Problem requirements:
Your output consists solely of the lines from the one that contains "Deutsche Sänger Andreas" to the end of the material, each reproduced exactly; pictures do not belong in it.

Material provided:
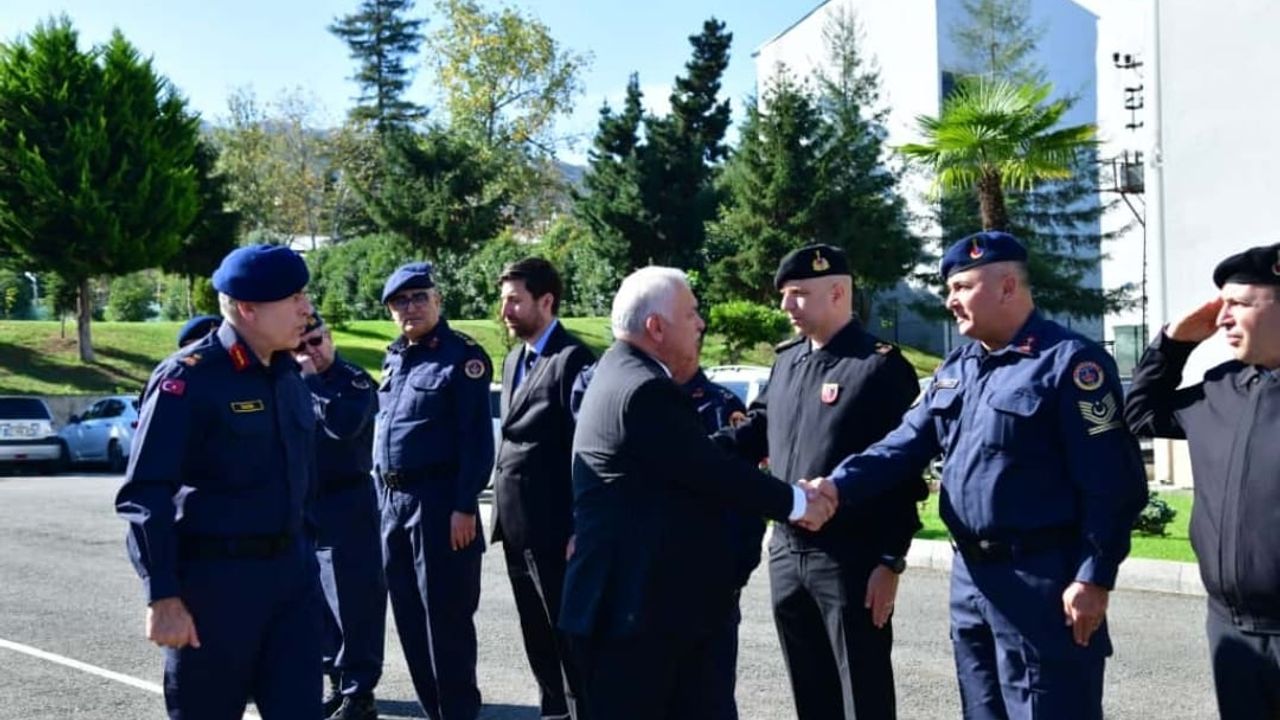 Vali Aziz Yıldırım, Trabzon’da asayiş toplantısına başkanlık etti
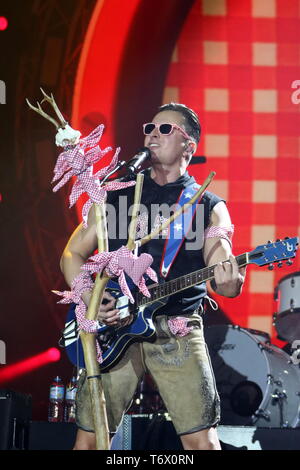 Deutsche Sänger Andreas Gabalier auf Tour, Freiburg, 2018 Stockfoto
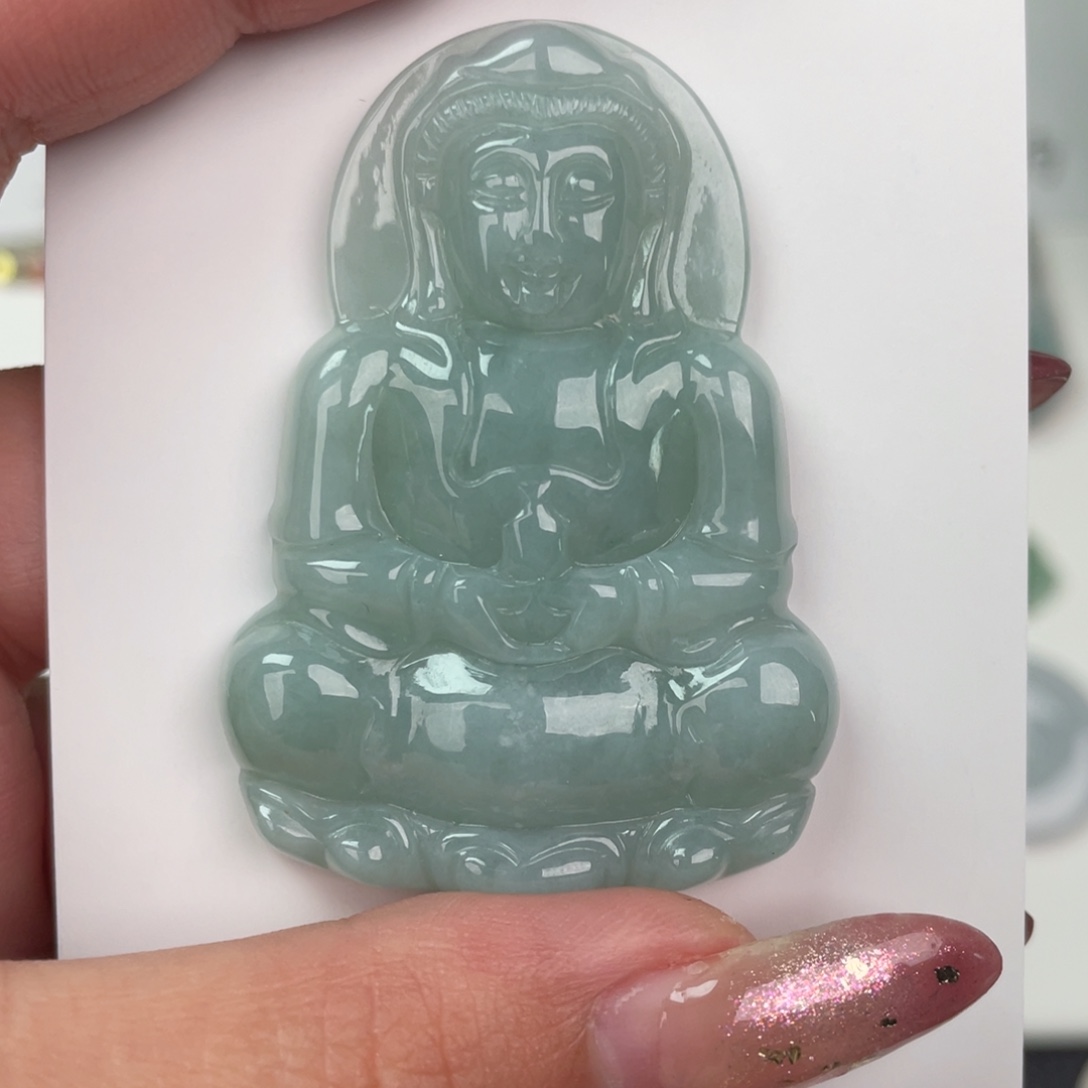 翡翠未镶嵌颈饰观音包容心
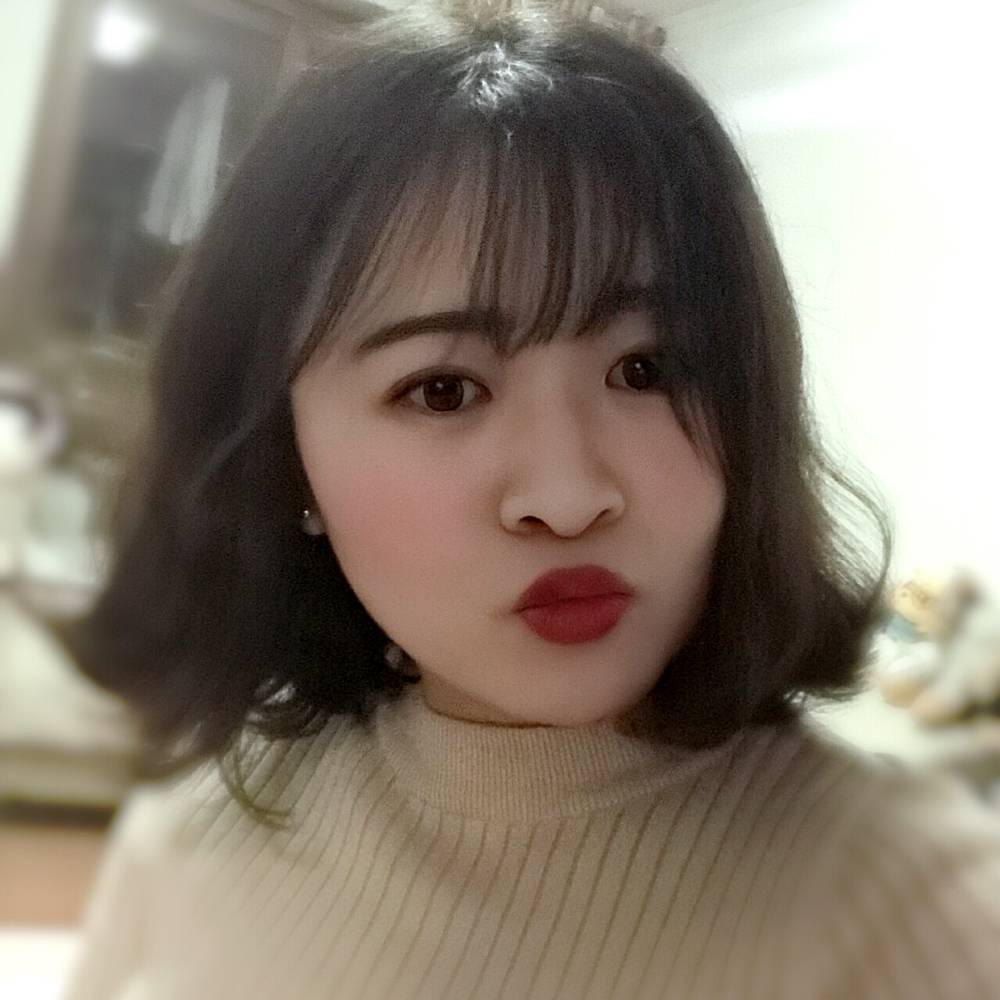 眼睛大百褶裙的照片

Final answer:
 Deutsche Sänger Andreas Gabalier auf Tour, Freiburg, 2018 Stockfoto
 翡翠未镶嵌颈饰观音包容心
 眼睛大百褶裙的照片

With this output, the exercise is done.